The answer should be an exact repeat of the stretch of material below from the line containing "3 Parslow Cres, Lynbrook, VIC 3975" through the line containing "Ilustračný obrázok k".

== RECORD EXCERPTS ==

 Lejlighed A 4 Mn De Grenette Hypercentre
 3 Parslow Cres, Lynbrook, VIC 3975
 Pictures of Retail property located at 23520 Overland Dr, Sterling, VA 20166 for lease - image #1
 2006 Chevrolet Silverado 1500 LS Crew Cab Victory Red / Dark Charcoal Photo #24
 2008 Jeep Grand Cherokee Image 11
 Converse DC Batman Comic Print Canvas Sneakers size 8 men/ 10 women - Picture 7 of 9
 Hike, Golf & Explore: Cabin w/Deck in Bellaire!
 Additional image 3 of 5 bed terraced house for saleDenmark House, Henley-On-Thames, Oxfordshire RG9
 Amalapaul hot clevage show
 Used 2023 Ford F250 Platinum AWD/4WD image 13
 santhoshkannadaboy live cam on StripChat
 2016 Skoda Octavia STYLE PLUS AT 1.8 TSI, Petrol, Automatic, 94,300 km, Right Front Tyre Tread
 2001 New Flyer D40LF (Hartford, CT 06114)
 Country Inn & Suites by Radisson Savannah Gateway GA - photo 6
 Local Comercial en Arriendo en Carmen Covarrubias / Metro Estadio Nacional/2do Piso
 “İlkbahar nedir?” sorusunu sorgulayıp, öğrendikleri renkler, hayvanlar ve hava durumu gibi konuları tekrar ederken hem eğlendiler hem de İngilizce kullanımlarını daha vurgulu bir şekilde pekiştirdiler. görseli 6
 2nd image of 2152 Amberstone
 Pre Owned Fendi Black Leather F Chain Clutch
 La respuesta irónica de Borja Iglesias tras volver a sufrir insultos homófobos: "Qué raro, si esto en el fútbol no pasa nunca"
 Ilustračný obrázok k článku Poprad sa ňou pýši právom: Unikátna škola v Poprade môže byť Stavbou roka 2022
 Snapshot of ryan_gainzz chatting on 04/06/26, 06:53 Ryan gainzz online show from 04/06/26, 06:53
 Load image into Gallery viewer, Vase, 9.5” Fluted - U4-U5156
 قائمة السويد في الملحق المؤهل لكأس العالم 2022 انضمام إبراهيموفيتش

===

● **SOLUTION FOR THIS EXERCISE**
 3 Parslow Cres, Lynbrook, VIC 3975
 Pictures of Retail property located at 23520 Overland Dr, Sterling, VA 20166 for lease - image #1
 2006 Chevrolet Silverado 1500 LS Crew Cab Victory Red / Dark Charcoal Photo #24
 2008 Jeep Grand Cherokee Image 11
 Converse DC Batman Comic Print Canvas Sneakers size 8 men/ 10 women - Picture 7 of 9
 Hike, Golf & Explore: Cabin w/Deck in Bellaire!
 Additional image 3 of 5 bed terraced house for saleDenmark House, Henley-On-Thames, Oxfordshire RG9
 Amalapaul hot clevage show
 Used 2023 Ford F250 Platinum AWD/4WD image 13
 santhoshkannadaboy live cam on StripChat
 2016 Skoda Octavia STYLE PLUS AT 1.8 TSI, Petrol, Automatic, 94,300 km, Right Front Tyre Tread
 2001 New Flyer D40LF (Hartford, CT 06114)
 Country Inn & Suites by Radisson Savannah Gateway GA - photo 6
 Local Comercial en Arriendo en Carmen Covarrubias / Metro Estadio Nacional/2do Piso
 “İlkbahar nedir?” sorusunu sorgulayıp, öğrendikleri renkler, hayvanlar ve hava durumu gibi konuları tekrar ederken hem eğlendiler hem de İngilizce kullanımlarını daha vurgulu bir şekilde pekiştirdiler. görseli 6
 2nd image of 2152 Amberstone
 Pre Owned Fendi Black Leather F Chain Clutch
 La respuesta irónica de Borja Iglesias tras volver a sufrir insultos homófobos: "Qué raro, si esto en el fútbol no pasa nunca"
 Ilustračný obrázok k článku Poprad sa ňou pýši právom: Unikátna škola v Poprade môže byť Stavbou roka 2022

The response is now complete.